The topic of that 2005 phone conversation was a quid pro quo, according to leaked press accounts this week first reported by The New York Times and Congressional Quarterly. Harman reportedly agreed to help reduce criminal charges against two former officials of the American Israel Public Affairs Committee, accused of espionage, if they would pressure Pelosi to keep her on as the top Democrat on the House Intelligence panel after 2006 elections.

“I have great confidence in Jane Harman. She’s a patriotic American, and she would never do anything to hurt her country,” Pelosi said. “Many, many, many of Jane’s friends talked to me about her being chair of the intelligence committee -- none of them in any threatening way.”

Pelosi had wanted to talk about achievements of the 111th Congress -- milestone investments in health, education, and energy -- and the path ahead. Instead, she fielded hot button questions on issues ranging from allegations against an embattled colleague to investigations of Bush-era abuses and prospects for another bailout.

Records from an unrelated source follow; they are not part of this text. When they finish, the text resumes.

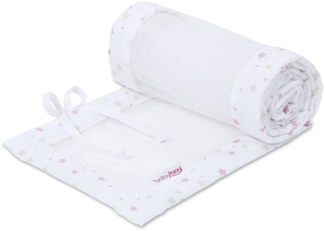 babybay Nestchen Mesh-Piqué/Bettumrandung für Beistellbett/Stoßschutz für Baby Bett, passend für Modell Boxspring XXL, weiß Sternemix sand/beere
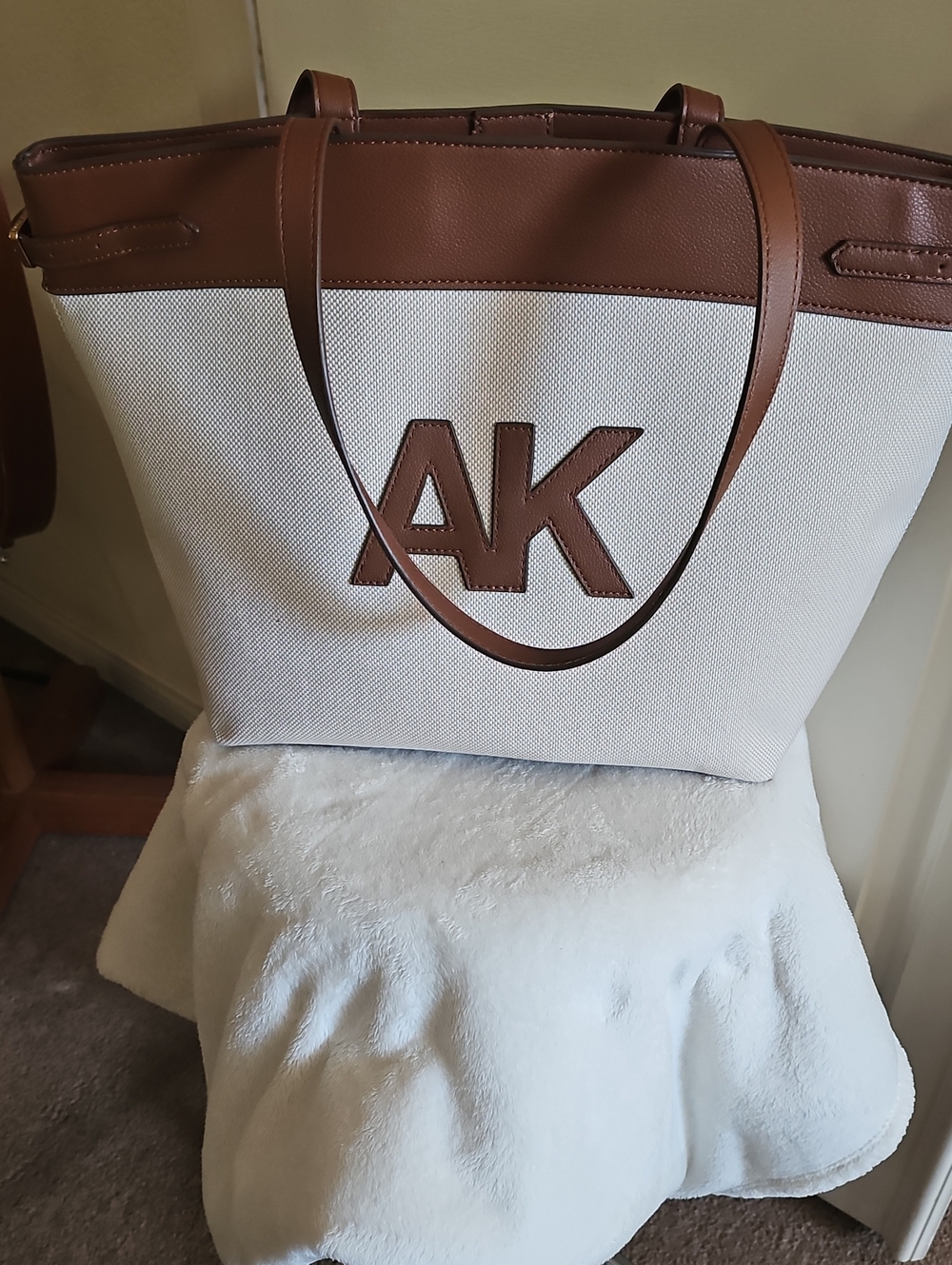 Ann Taylor White Canvas Tote with Brown Trim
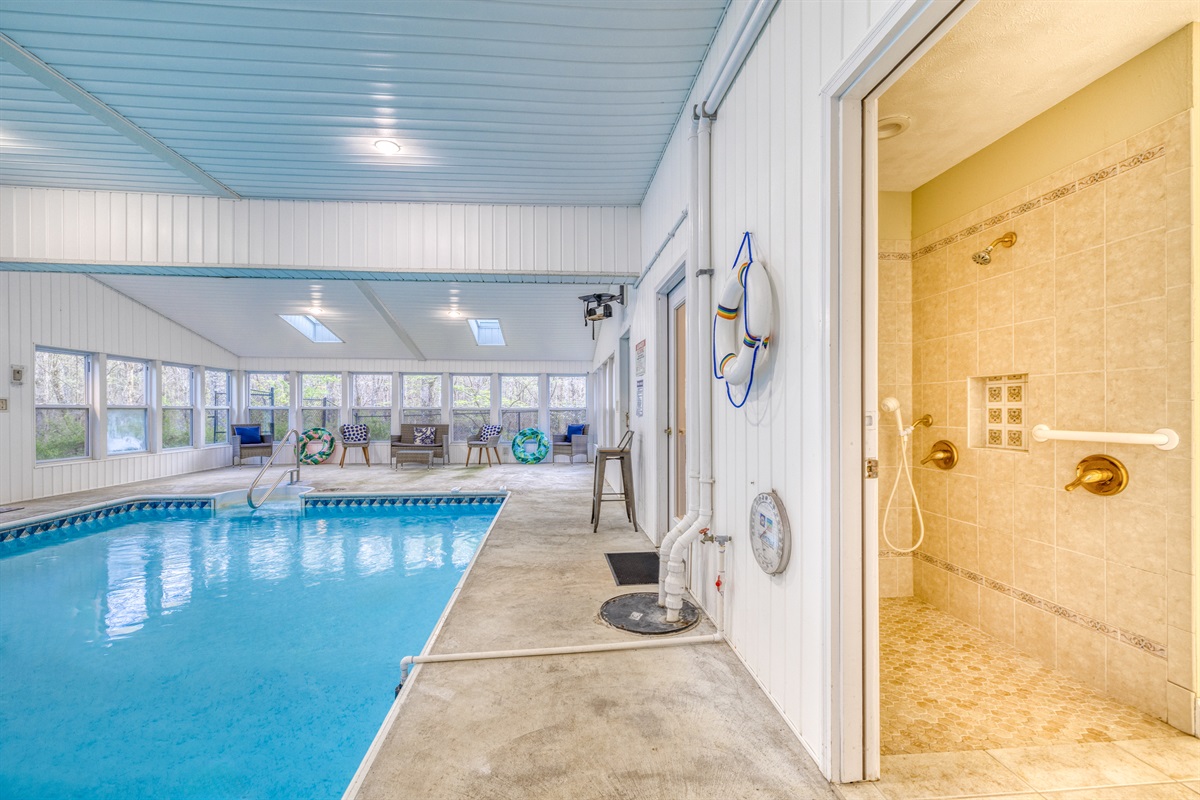 Huge Indoor Heated Pool Plus Bathroom with Shower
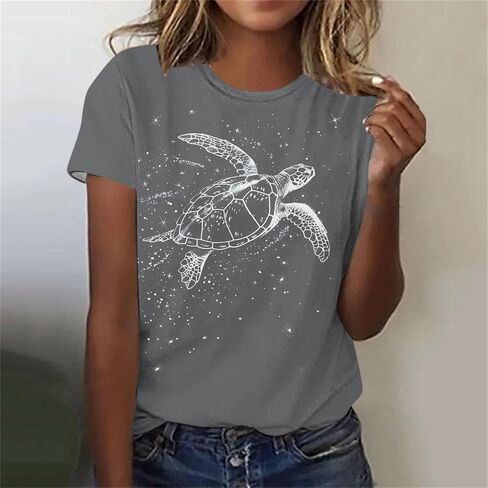 Sea Turtle Shirts Women Ocrean Creature Tshirts Hawaiian Beach Life Graphic Tee Wildlife Animal Print Vacation Tops in Saudi Arabia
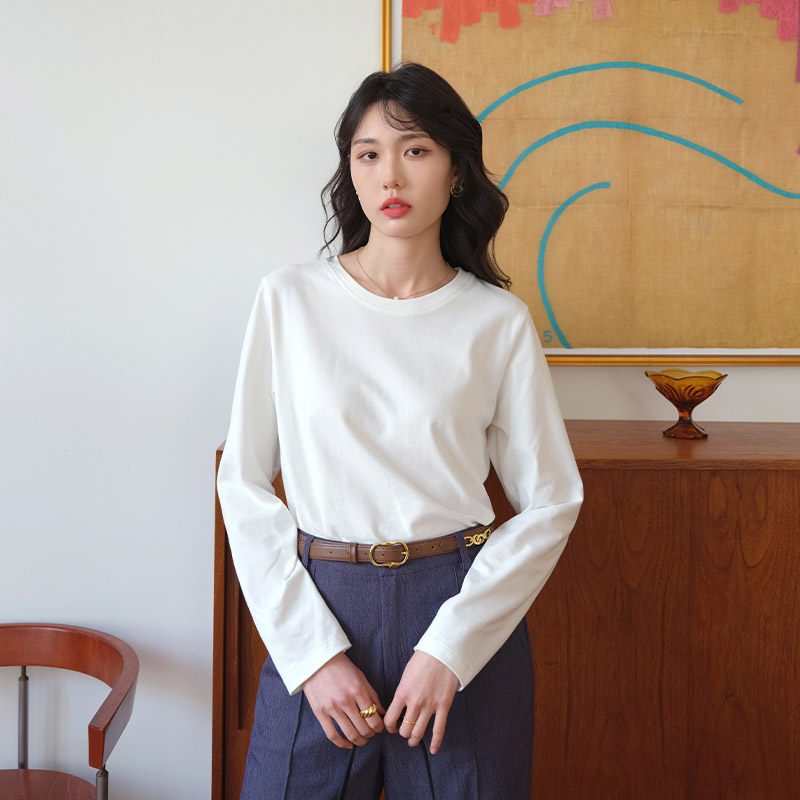 然若 绒感双纱柔棉 白色纯棉打底衫女士2025新款外穿长袖内搭上衣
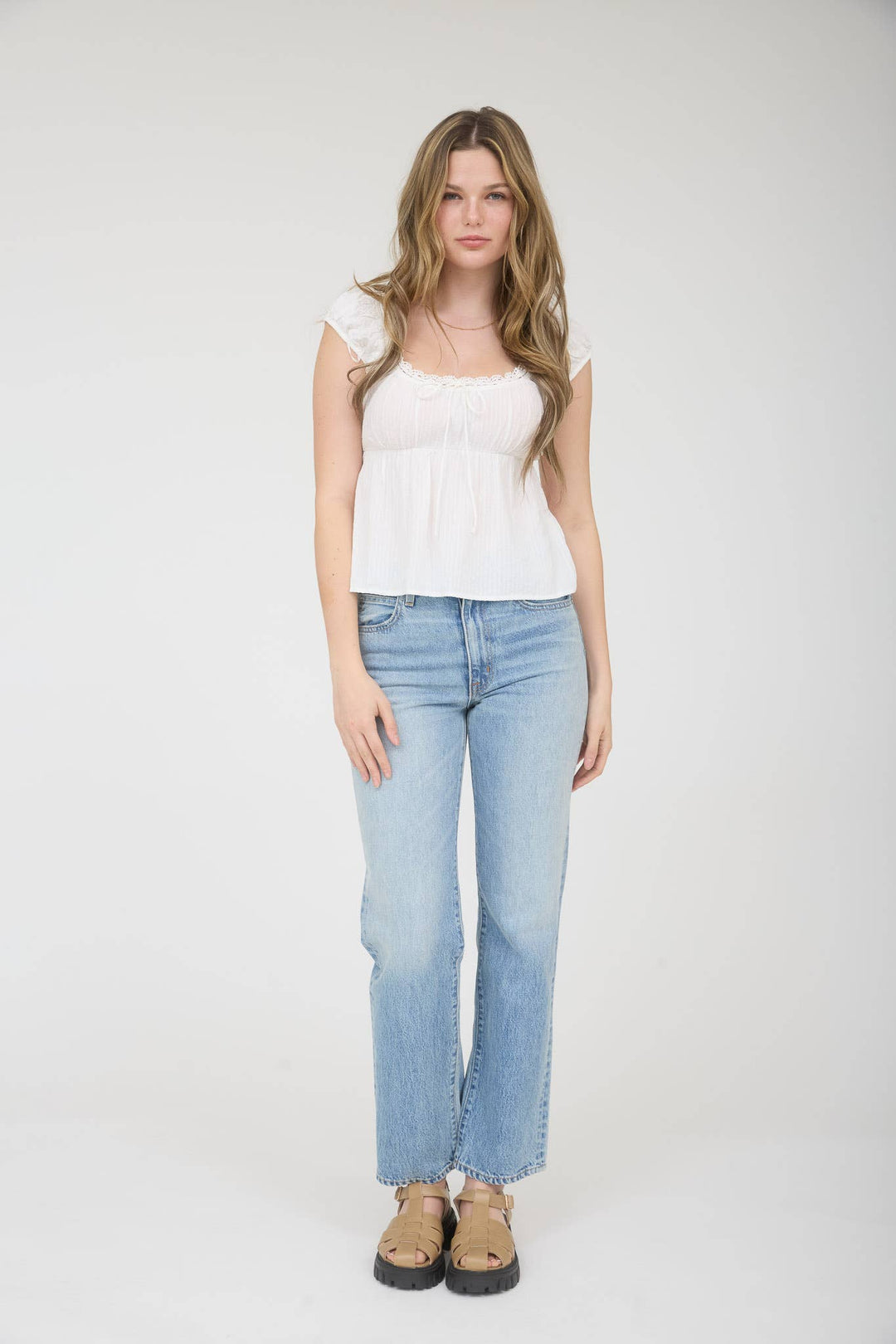 Cameron Front Tie Short Sleeve Top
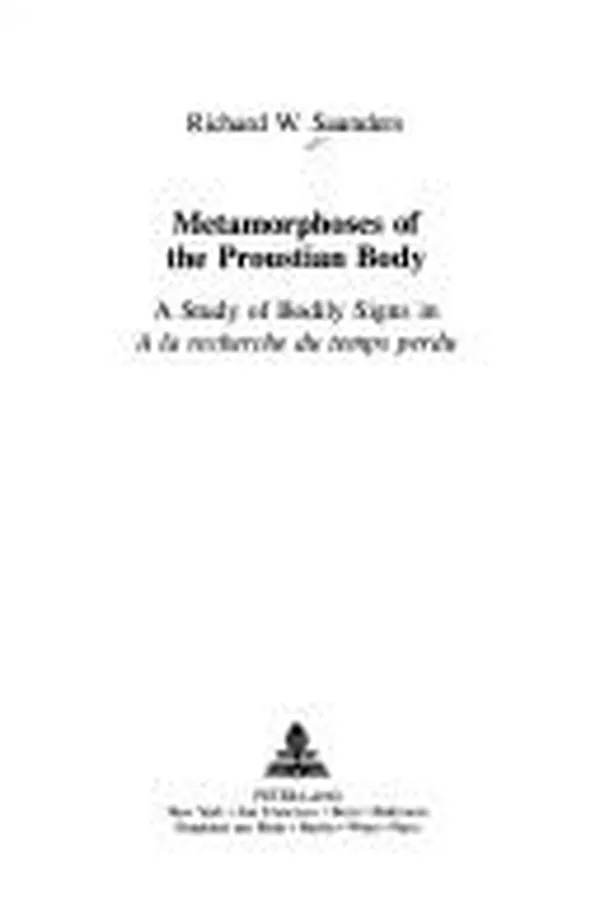 Capa de Metamorphoses of the Proustian body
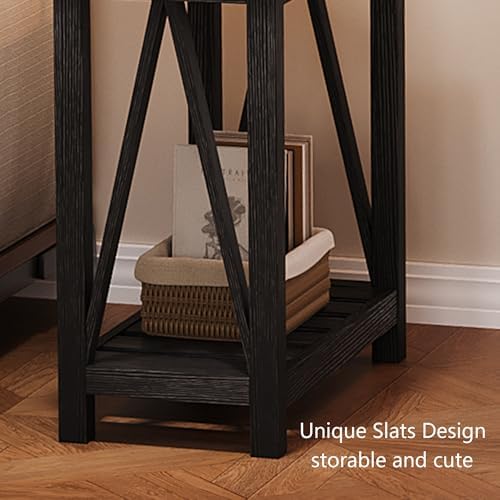 ChooChoo Farmhouse End Table, Narrow Side Table with Shelf - Image 5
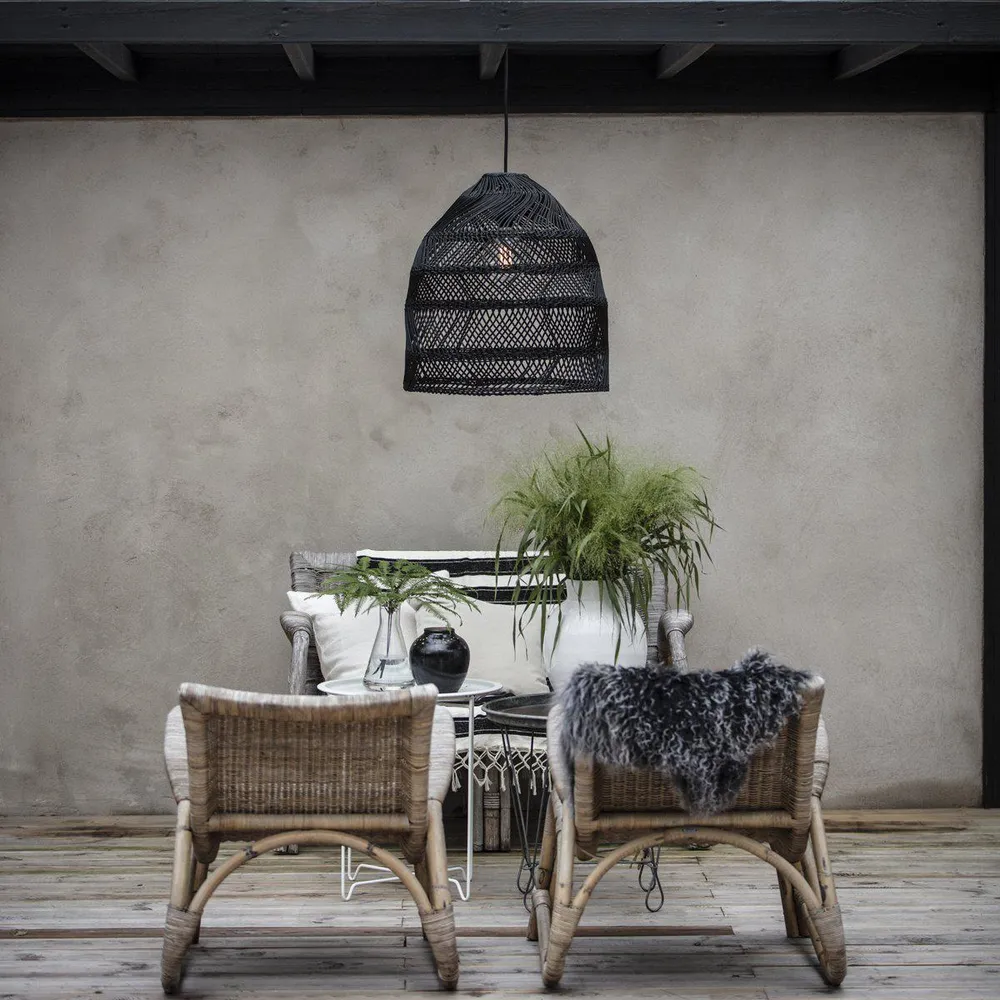 Maja Taklampa Wicker Black 53cm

“The President of the United States is taking the exact right approach,” she said, referring to controversy this week over whether the Obama administration should prosecute those who abused detainees or who drafted the policies that enabled abuse. Obama has said that no one is above the law, but that he wants to keep the focus on the future, not the past.

“He has to look forward. We have inherited a tremendous economic crisis in our country, enormous challenges internationally, including two wars and the threat of Al Qaeda that’s still unresolved seven-and-a-half years after 9/11. The president has enormous tasks ahead and he is right to address the challenges that he faces in a positive way going forward,” she said.

But she also endorsed proposals for a “truth commission” to investigate abuses of detainees during the Bush administration. “It might be further useful to have such a commission so that it removes all doubt that we protect the American people in a values-based way,” she said.

Concerning the prospects of winning congressional approval for more funding to bail out big banks, Pelosi said: “It will be very difficult, very difficult for additional funding.”

Responding to reports that the International Monetary Fund thinks US banks will need another $287 billion to be fully capitalized, Pelosi said that Congress is operating on Treasury Secretary Timothy Geithner’s assurances that the more than $100 billion of funds remaining in the Troubled Asset Relief Program (TARP) would be adequate to go forward.

“If the administration comes to us and says they need money, and they make the case, and they are willing to live by certain standards [of transparency and accountability], we’ll see," she said. "But I’ll tell you, the Inspector General has 20 criminal investigations that he reported on the use of TARP funds…. It’s a mess.”

“The American people want answers about what happened in this economic collapse. They want to know what the role of Wall Street was in this, and we need to go to that place,” she said.